** Opening Records for this exercise block **
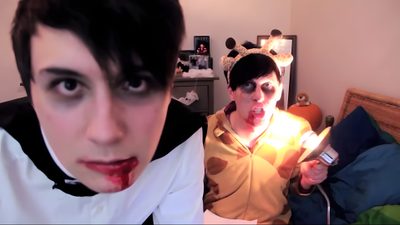 two people dressed up in costumes and one has blood on his face while the other holds a cell phone Dan And Phil Halloween 2009 Frank Horrigan Gif, Dan And Phil Nun Costume, Phil Lester Halloween, indian red
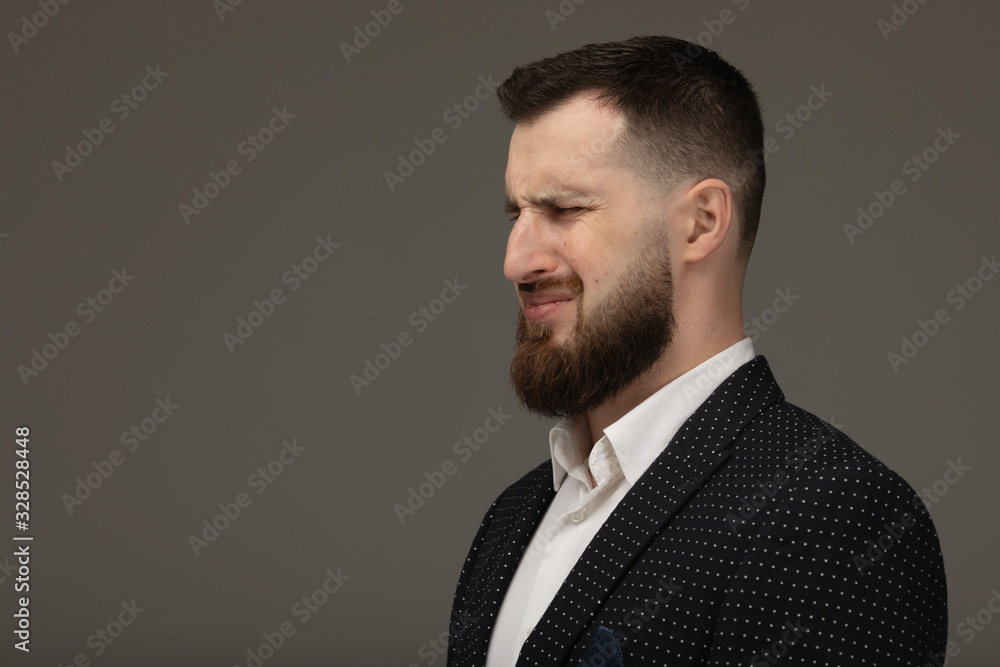 Portrait of a young bearded businessman crying. Portrait of a young bearded businessman crying.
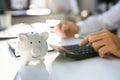 Piggybank In Front Of Businessperson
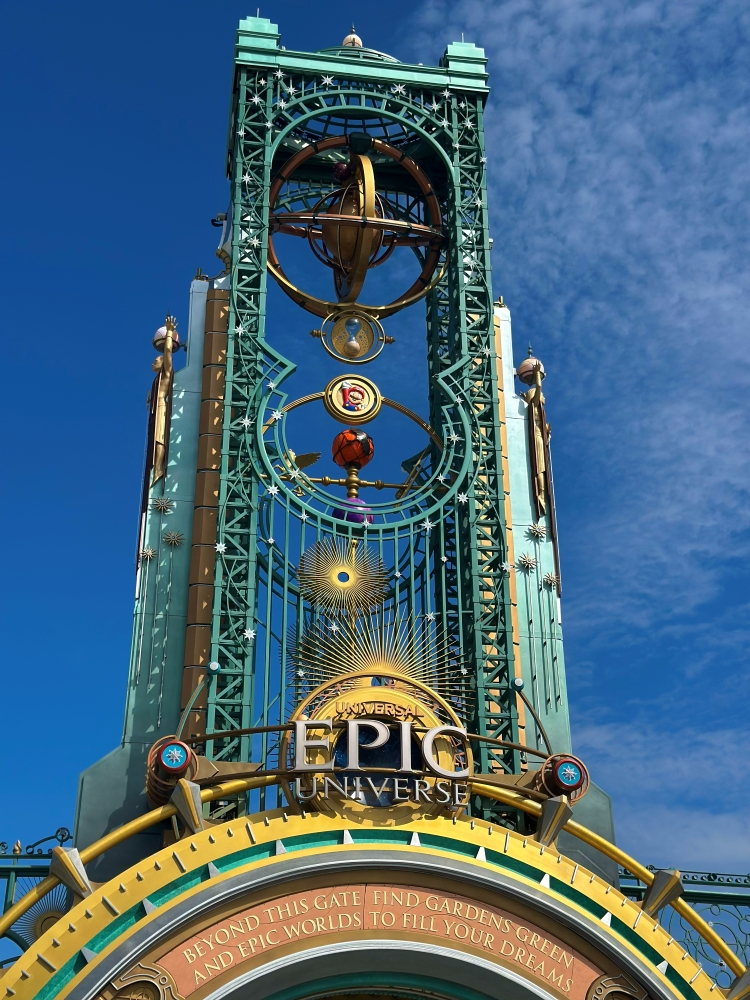 The celestial-inspired portal with a tall green spire at Epic Universe. 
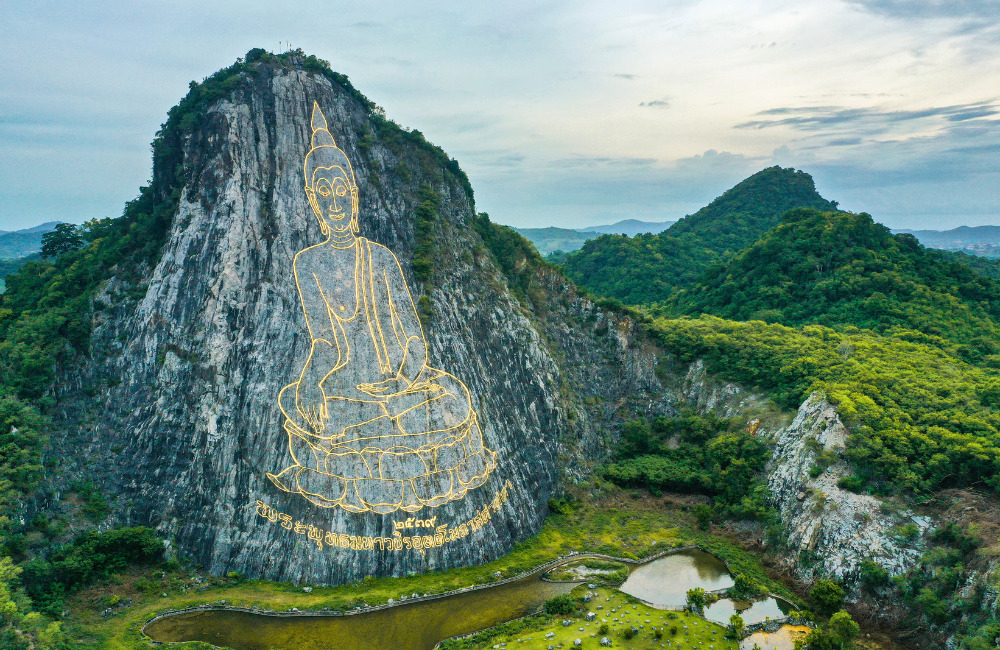 The giant golden Buddha image engraved on Khao Chi Chan cliff, a peaceful cultural and natural attraction near Pattaya surrounded by lush greenery and mountain views.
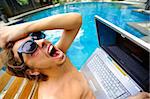 Man is super angry with laptop poolside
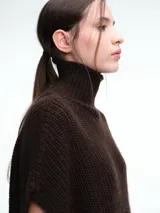 Chaleco tipo poncho de tejido de punto color tostado, con cuello polera y diseño holgado con laterales abiertos.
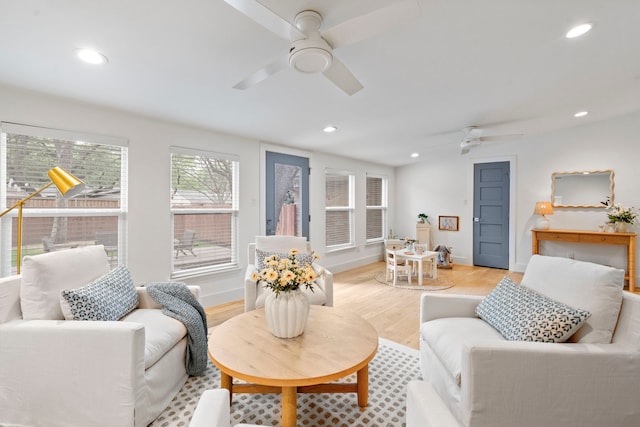 living area with recessed lighting, light wood finished floors, baseboards, and ceiling fan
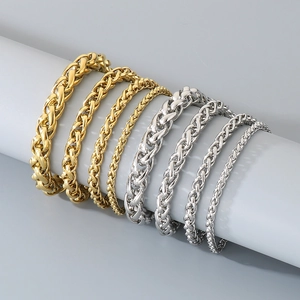 Detail view of gold and silver stainless steel basket-weave chains on a display stand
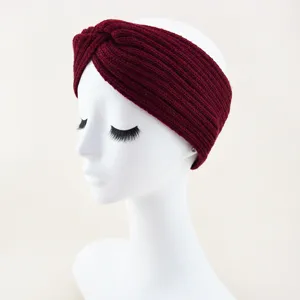 Close-up detail of the cozy winter knitted cross headband in rich burgundy knit texture.
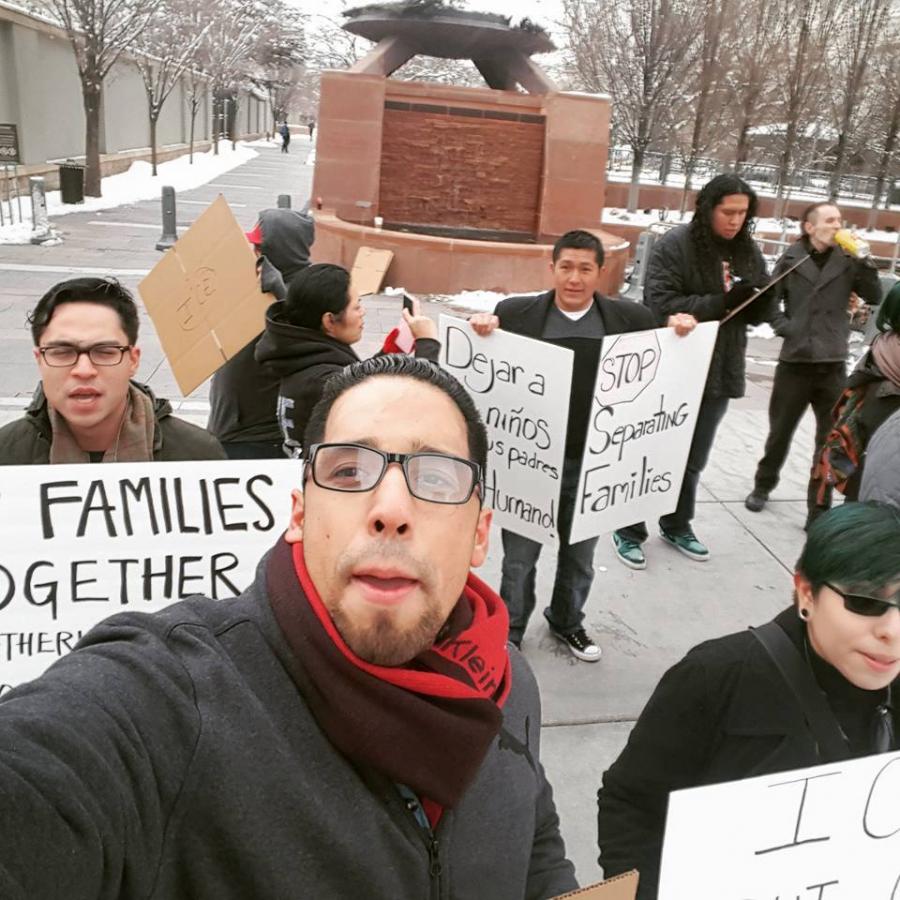 Diaz takes a selfie in front of protesters holding signs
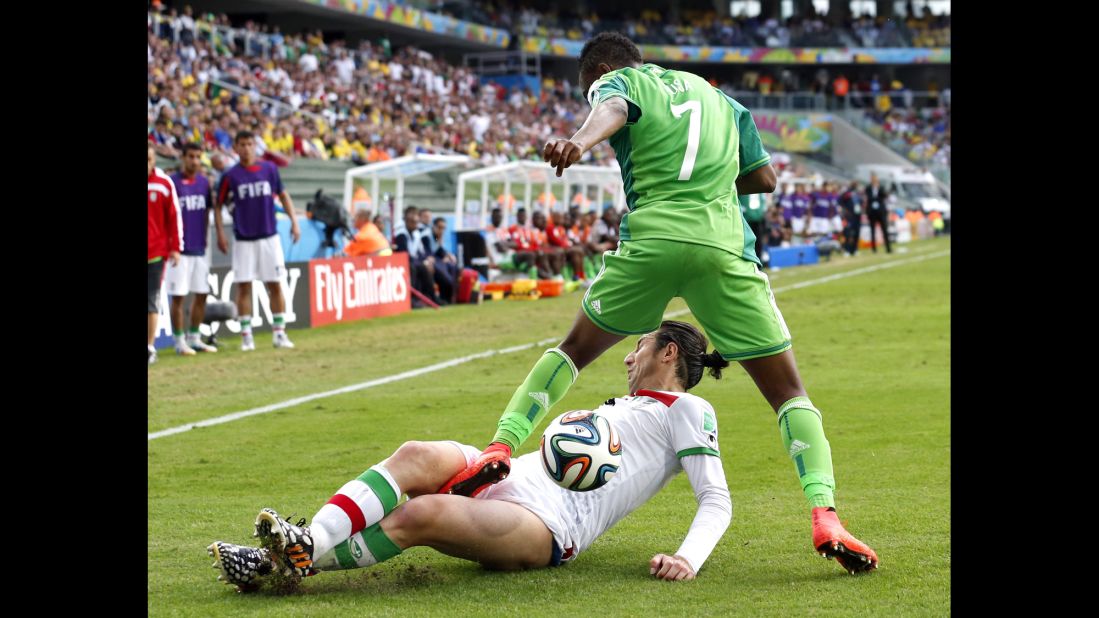 Iran's Andranik Teymourian slides under Nigeria's Ahmed Musa to take the ball away.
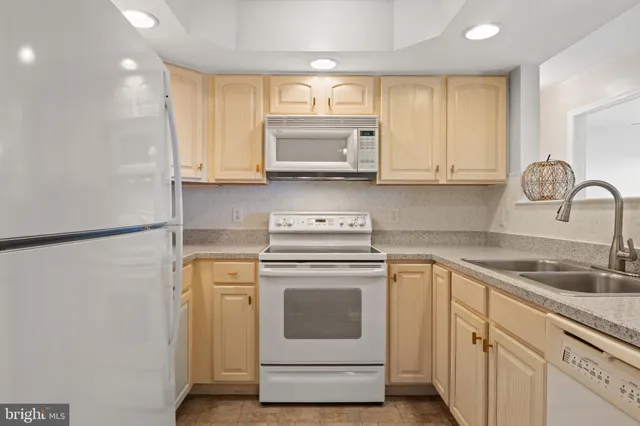a kitchen with sink and window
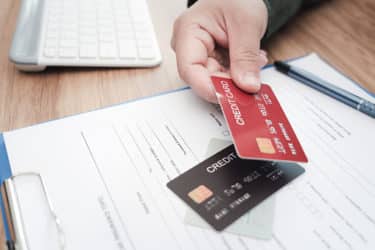 Close up hand a man hold credit cards on insurance document for payment of Annual car insurance expenses that must be paid regularly instead of using cash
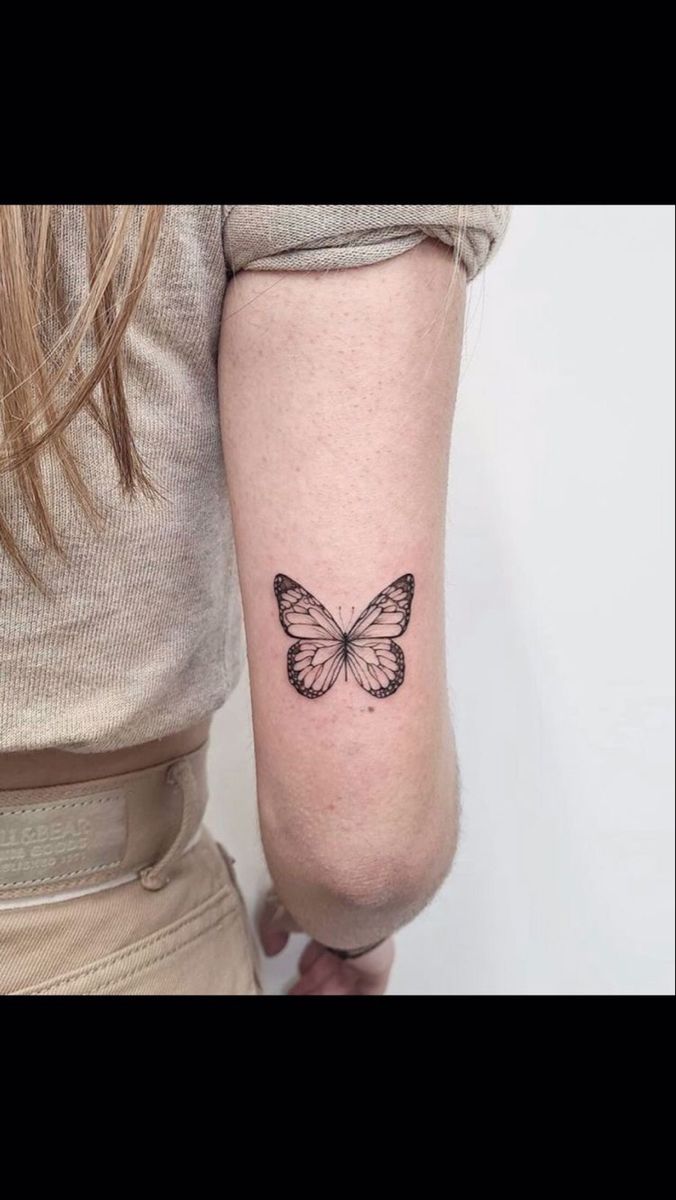 a woman's arm with a small butterfly tattoo on the left side of her arm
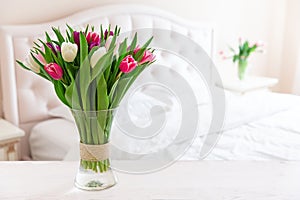 Home interior with pink tulips in a vase on a light bedroom background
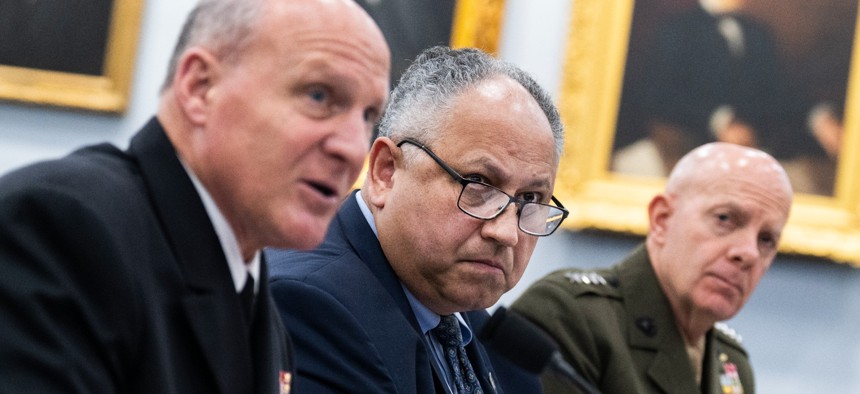 Adm. Michael M. Gilday, chief of naval operations (left), testifies alongside Navy Secretary Carlos Del Torro and Marine Corps Commandant Gen. David H. Berger at a House hearing on May 18, 2022.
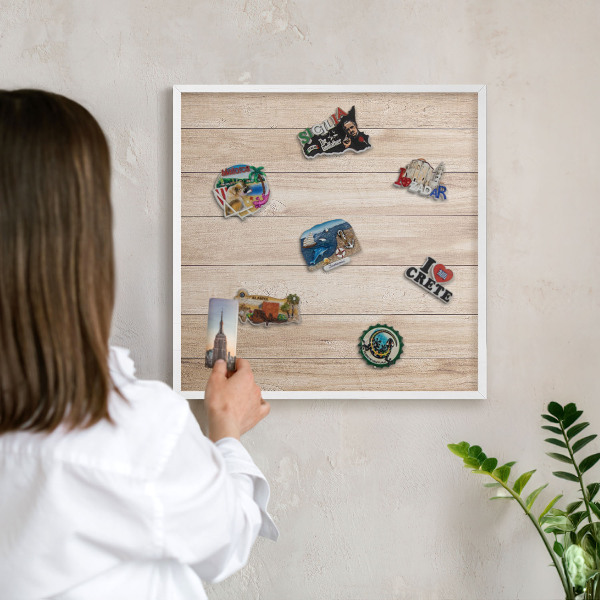Decorative magnet board with a white frame Wooden boards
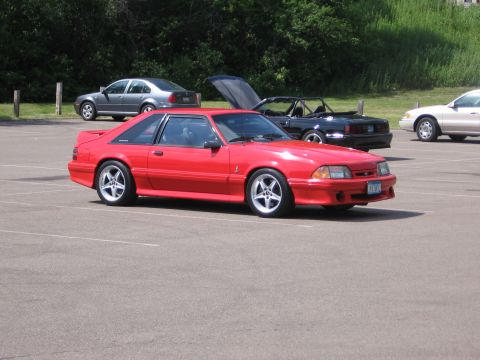 1989 Ford Mustang - A red coupe with a body kit and five-spoke wheels is parked in a lot with other vehicles.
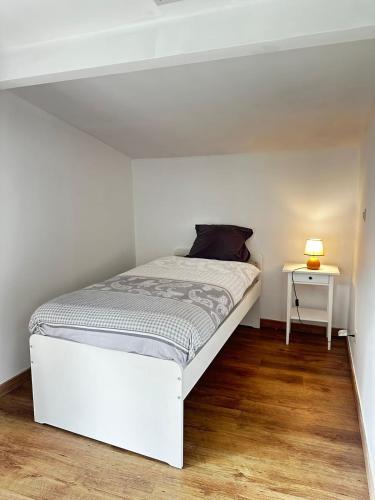a white bed in a white room with a table at Ottignies Apartment in Louvain-la-Neuve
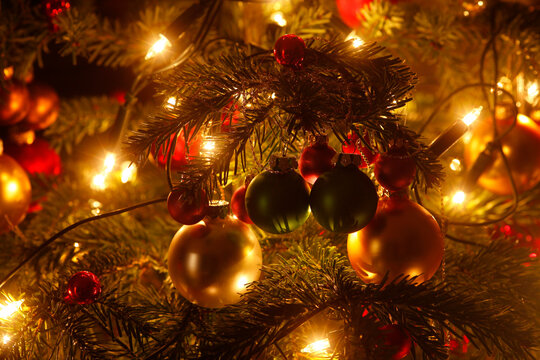 Christmas tree with Christmas baubles and light chains, partial view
** Closing Records for this exercise block **
Among the entries above, take the line with "living area with", the line with "Home interior with", and all the lines between them, and restate them word for word without pictures.

■ **Task output**
 living area with recessed lighting, light wood finished floors, baseboards, and ceiling fan
 Detail view of gold and silver stainless steel basket-weave chains on a display stand
 Close-up detail of the cozy winter knitted cross headband in rich burgundy knit texture.
 Diaz takes a selfie in front of protesters holding signs
 Iran's Andranik Teymourian slides under Nigeria's Ahmed Musa to take the ball away.
a kitchen with sink and window
 Close up hand a man hold credit cards on insurance document for payment of Annual car insurance expenses that must be paid regularly instead of using cash
 a woman's arm with a small butterfly tattoo on the left side of her arm
 Home interior with pink tulips in a vase on a light bedroom background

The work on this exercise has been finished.